In the U.S., we — the voters — elect our presidents using a potentially problematic decision rule: we largely decide who will be president based on the election-year economy (1, 2, 3). If the economy is on an upswing before the election, we usually retain the president or his party’s nominee. If it isn’t, we usually elect the challenger.
Why is this decision rule problematic? Because it means we pick our president in large part by the toss of a coin. Economists have long known that whether the economy is on the upswing or downswing in any given year—that is, where the economy is in the business cycle—is mostly chance.

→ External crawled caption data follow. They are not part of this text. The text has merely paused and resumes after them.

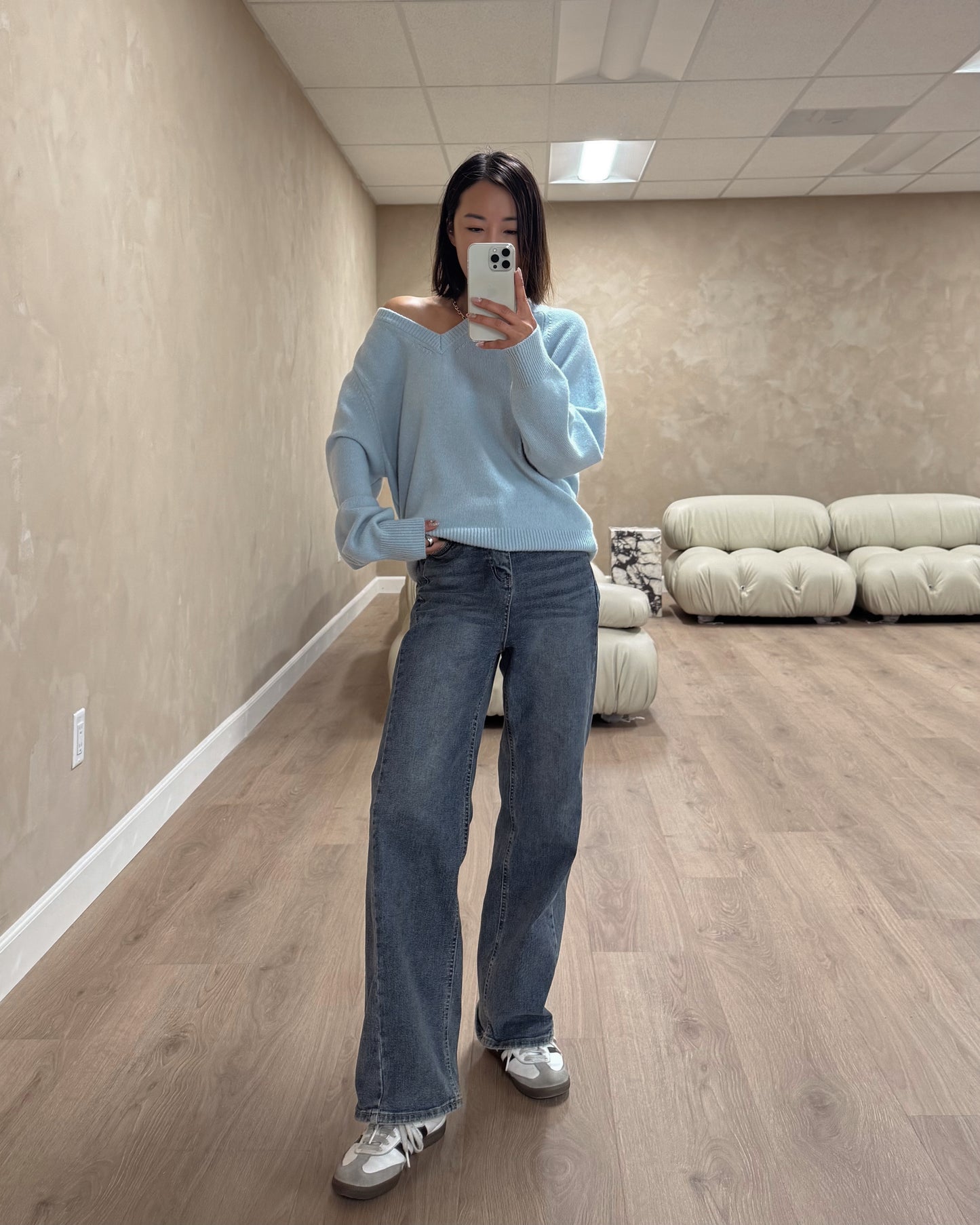 loose fit jeans with hidden elastic waist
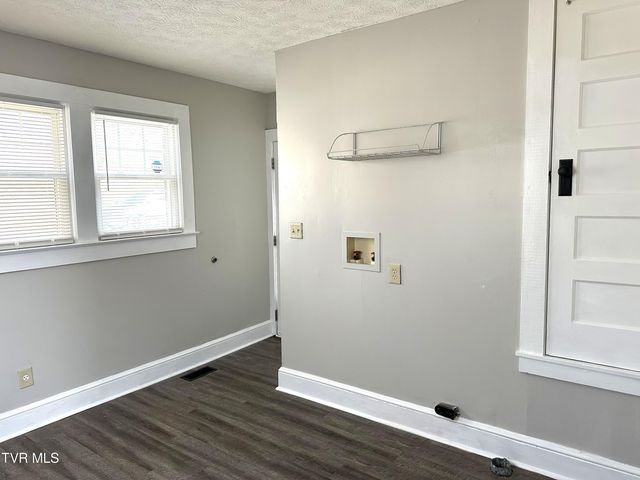 102 Woodland Drive, Johnson City, TN 37601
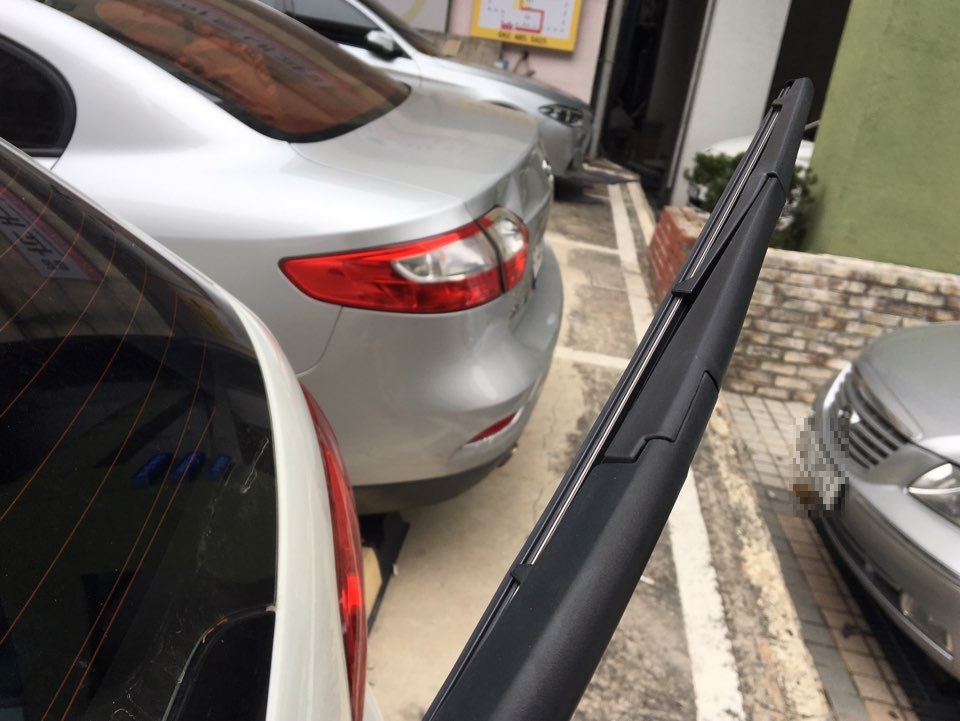QM5 리어 와이퍼 새 제품 장착 후 측면 모습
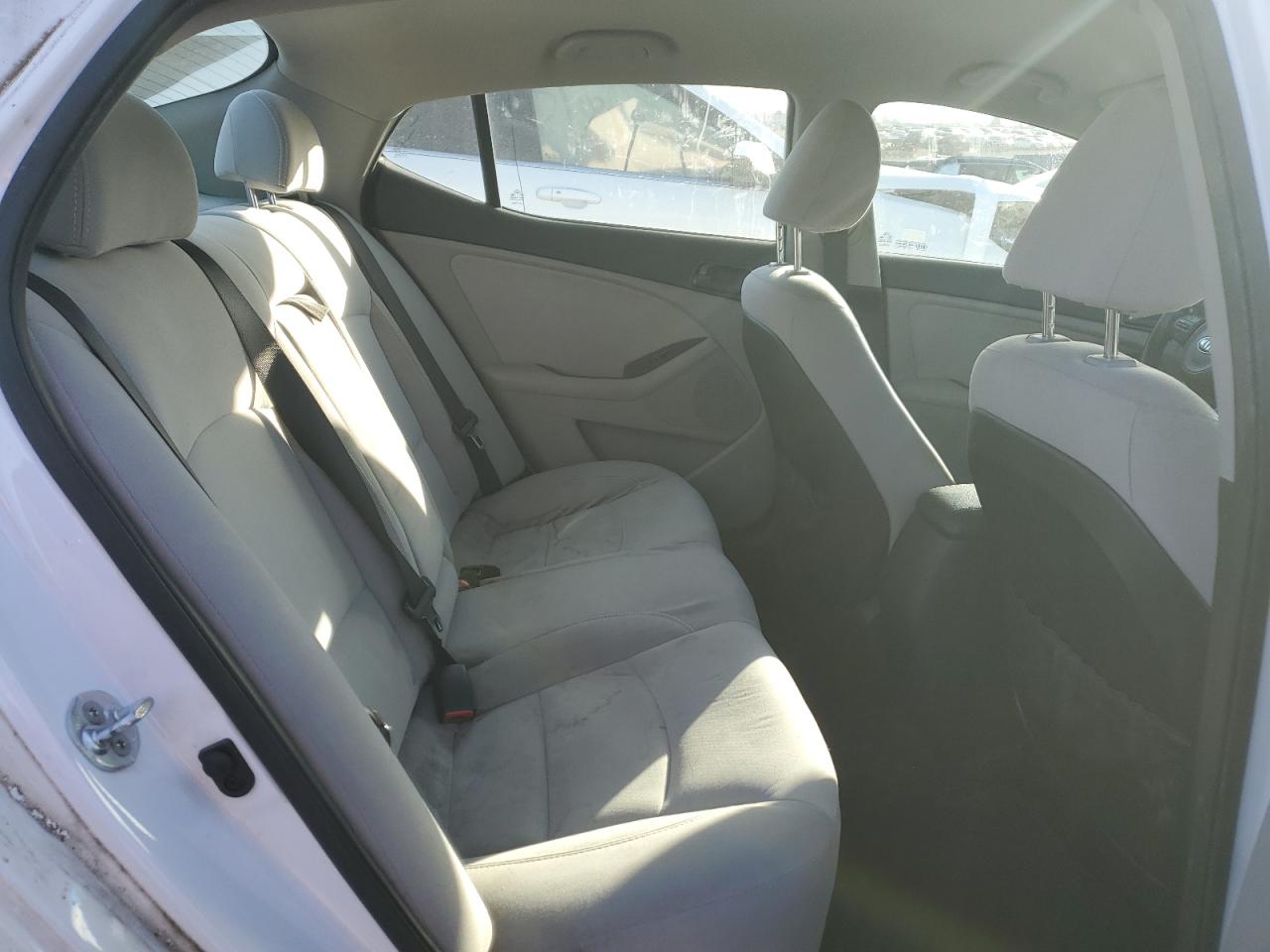 2015 Kia Optima - Image 11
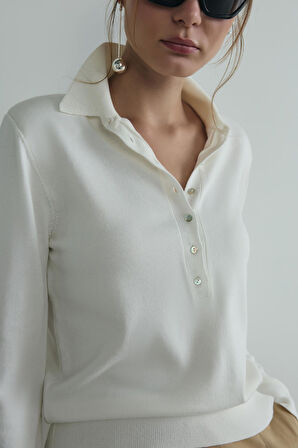 Beyaz Carter Polo Yaka Triko Kazak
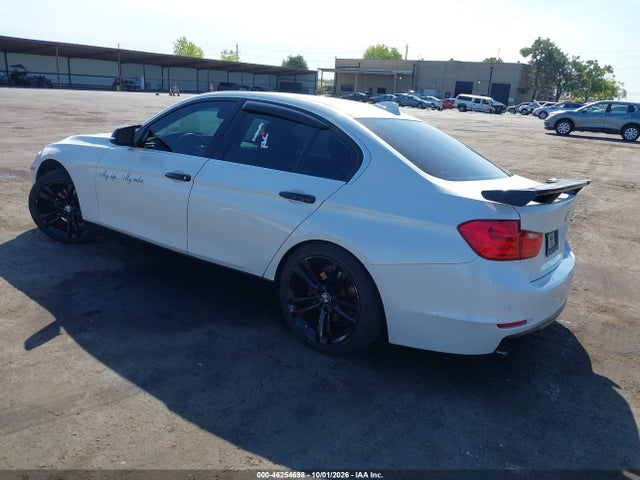 WBA3C1C53FK118944 BMW 328I
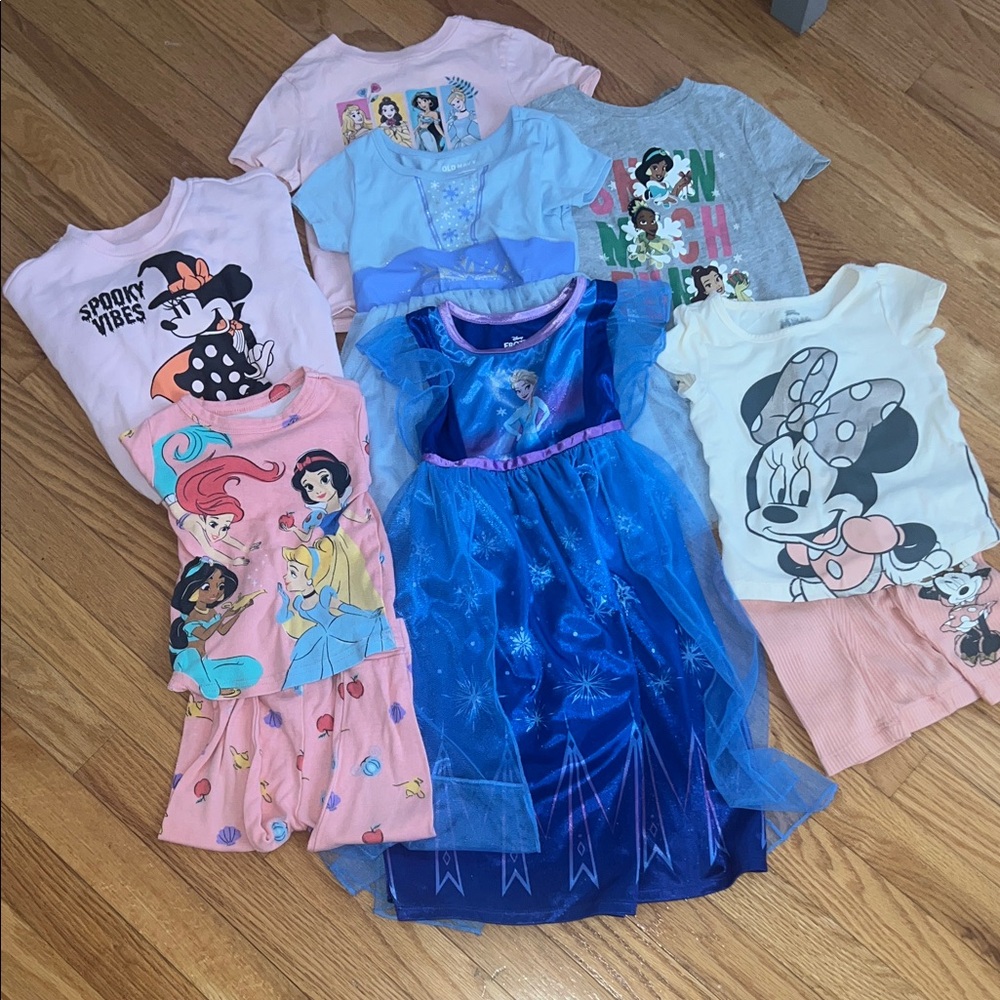 Disney Character Toddler 2T Clothing Bundle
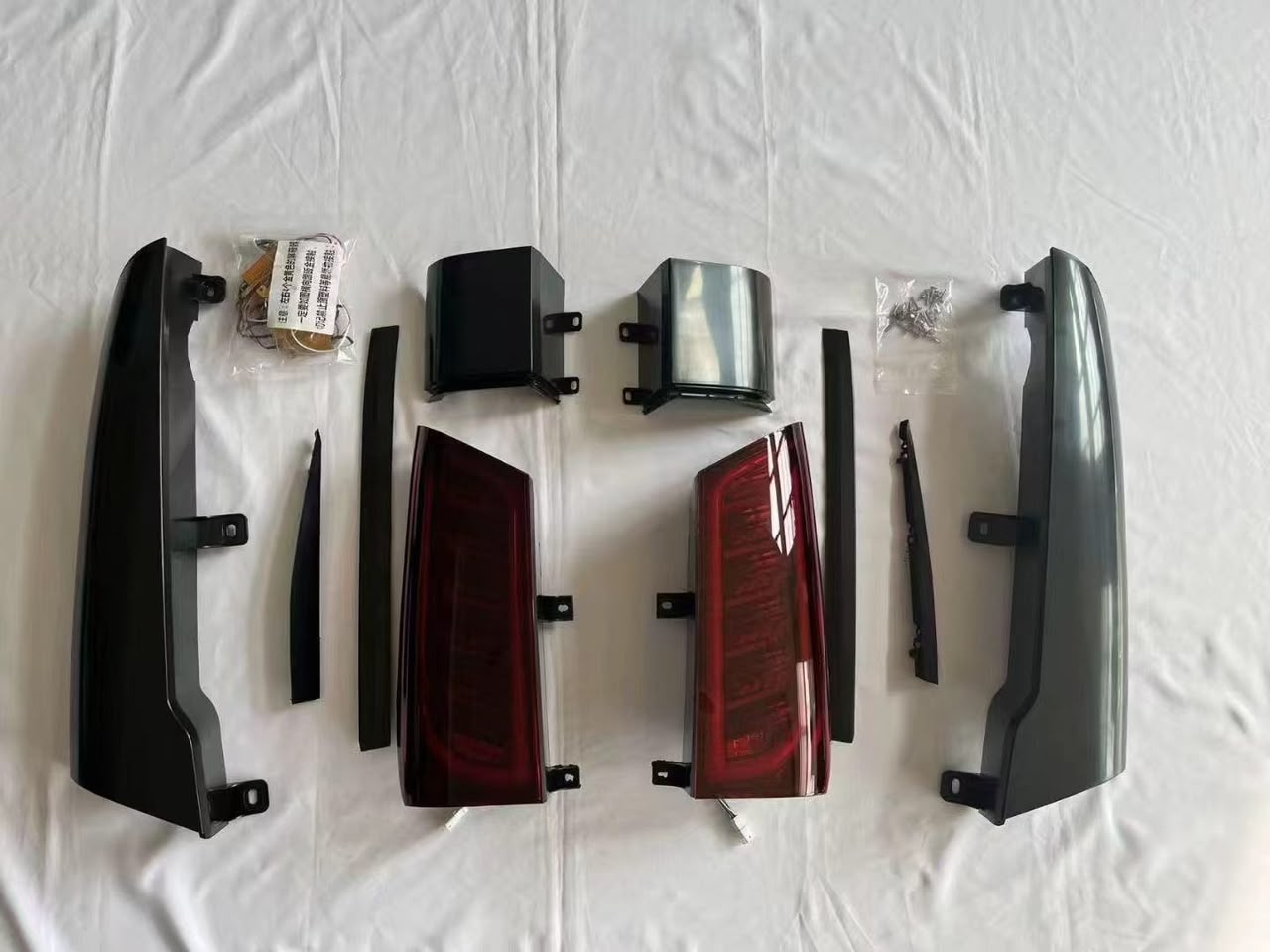 VITO CONVERT FACELIFT BODYKIT (WITH TAILAMP) / VITO-BDK-1016-GZYZ 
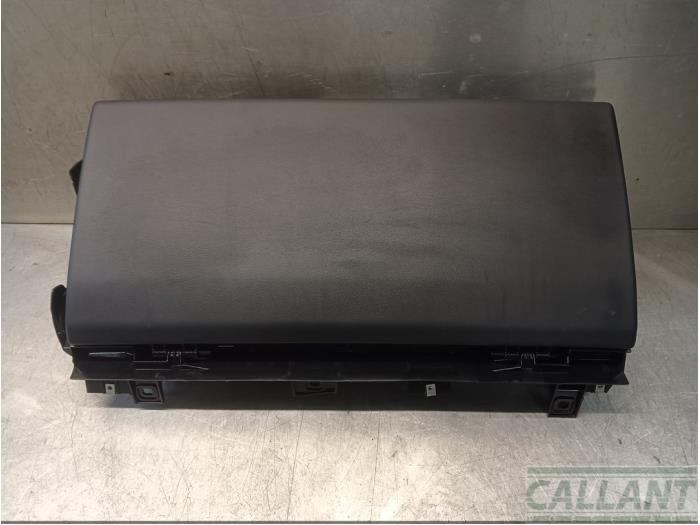 Begagnade Handskfack Landrover Range Rover Sport (LW) 3.0 D250 MHEV Pris € 90,75 Inklusive moms erbjuds av Garage Callant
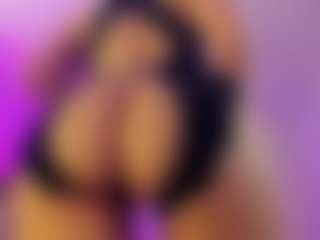 Live cam show with Abella-skin - Latex on Camsoda
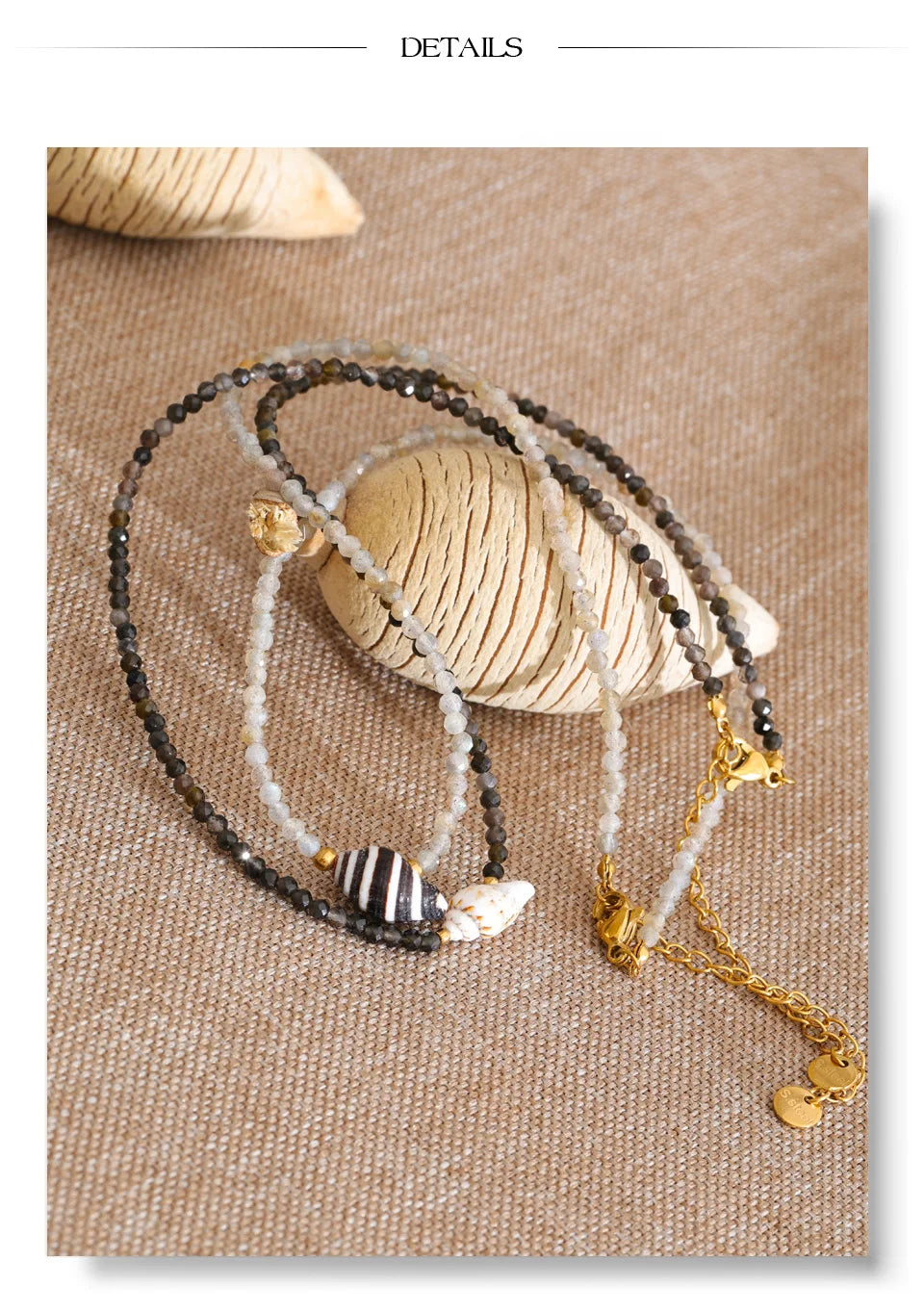 Crystal geometric necklace in gold-plated stainless steel with crystal.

As a result, this decision rule essentially turns the election of the world’s most powerful leader into a game much like, as Chris Achen and Larry Bartels put it, musical chairs: when the music stops on Election Day, voters decide based on where the economy happens to be in the business cycle.
To understand the ramifications, consider the following thought experiment: What if, instead of hitting in 2008, the financial crisis had hit in 2009, after the presidential election? The subprime bubble had been growing since at least 2002, and there’s no reason the music had to stop in 2008. If it had stopped a year later, we may well have elected John McCain rather than Barack Obama. You can conduct a similar thought experiment for many elections. Jimmy Carter experienced a short but severe recession in 1980. If the recession had come a year earlier or a year later, Ronald Reagan may never have become president. If the more severe 1981-82 recession had occurred two years later, Walter Mondale would likely have defeated Reagan in 1984 rather than losing in a landslide.
In “Substituting the End for the Whole,” which the American Journal of Political Science (AJPS) is publishing this month, we investigate why voters follow this rule (press release). The results are intriguing. Our first key finding, based on a combination of national surveys and experiments, is that voters apparently don’t know they are using this decision rule. When we asked voters how they evaluated the president’s economic performance, to our surprise, they said they focus roughly equally on all four years of a president’s term, only intending to put a little more weight on more recent performance. Put differently, voters care about total growth under the President, not just election-year growth.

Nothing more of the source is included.